SUZY Q Dancing in the Window
Our little family of four made the move back to Germany when my dad was reassigned there for three more years. I’m certain mom was glad to be back in familiar territory with her family some distance away but at least on the same continent. Not long after our arrival, my first little brother arrived.
We were technically in Base housing but not isolated or walled off from the city in general. There were five or six large concrete buildings one behind the next that had six apartments on each side and there were two sides to each building with a floor below for storage and a floor above each side that help maids quarters and a playroom at each end. The top floor and bottom basement that had storage units for extra personal things were the only floors that connected the two sides. Each apartment I believe had three bedrooms and one bathroom. There was no outside play area provided.
Directly across the street were rows of barracks facing us. Single GI’s lived there or those without families or without families along.. They worked odd shifts so they were there infrequently and stayed to themselves.
My little sister loved to dance and thought she was quite good at it. She didn’t even need music. I think she had her own music playing in her head. She was always happy and carefree with more energy all of us combined. Mom had her hands full and was in a chronic state of overwhelm so my sister just ran. She would sneak out and mom could do nothing till I got home from school as she had a newborn to requiring constant care.
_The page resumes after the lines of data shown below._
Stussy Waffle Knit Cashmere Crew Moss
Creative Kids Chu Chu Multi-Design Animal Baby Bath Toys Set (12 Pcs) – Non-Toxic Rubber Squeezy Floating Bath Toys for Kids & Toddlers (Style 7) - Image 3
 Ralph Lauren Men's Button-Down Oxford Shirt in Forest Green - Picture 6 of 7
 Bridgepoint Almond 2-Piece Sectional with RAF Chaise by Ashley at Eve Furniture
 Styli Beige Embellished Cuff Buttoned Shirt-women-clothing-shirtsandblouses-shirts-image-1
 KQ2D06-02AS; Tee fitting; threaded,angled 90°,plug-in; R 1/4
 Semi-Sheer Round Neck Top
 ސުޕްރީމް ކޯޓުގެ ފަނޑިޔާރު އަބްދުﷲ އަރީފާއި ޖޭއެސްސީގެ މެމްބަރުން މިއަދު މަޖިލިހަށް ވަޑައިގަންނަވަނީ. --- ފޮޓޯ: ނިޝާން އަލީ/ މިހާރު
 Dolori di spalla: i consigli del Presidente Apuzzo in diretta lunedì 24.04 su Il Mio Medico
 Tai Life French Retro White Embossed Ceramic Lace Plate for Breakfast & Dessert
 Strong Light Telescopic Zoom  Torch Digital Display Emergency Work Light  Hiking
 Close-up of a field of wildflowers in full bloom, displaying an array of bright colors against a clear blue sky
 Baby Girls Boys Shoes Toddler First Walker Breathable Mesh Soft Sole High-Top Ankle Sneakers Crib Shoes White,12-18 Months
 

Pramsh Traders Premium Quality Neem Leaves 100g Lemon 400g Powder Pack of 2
I came in from school one afternoon to see mom staring across the street at the barracks across the street. The GI’s were looking up at the top of our building, which was almost a mirror image of theirs. Mom asked me to go upstairs to the 4th floor where the playroom and empty maid’s quarters were located and see if my sister was playing with the neighbor kids up there.
As I walked into the playroom, I saw my sister up on the wide window ledge with the windows open, dancing. She thought she was entertaining the troops and her friends, having the best time ever. She waved at the GI’s as they held their collective breaths. My heart stopped.
I may have only been 7 but I knew an accident waiting to happen when I saw one. Somehow, I managed to calmly talk her down without incident and took her home. As a hyperactive two year old, listening was not what she did well.
I was just grateful that my sister came down when asked. Probably one of the few times in her life she did as she was told. I wish that was the last time she was in that window or that someone had the foresight to put bars on them but I never saw that happen.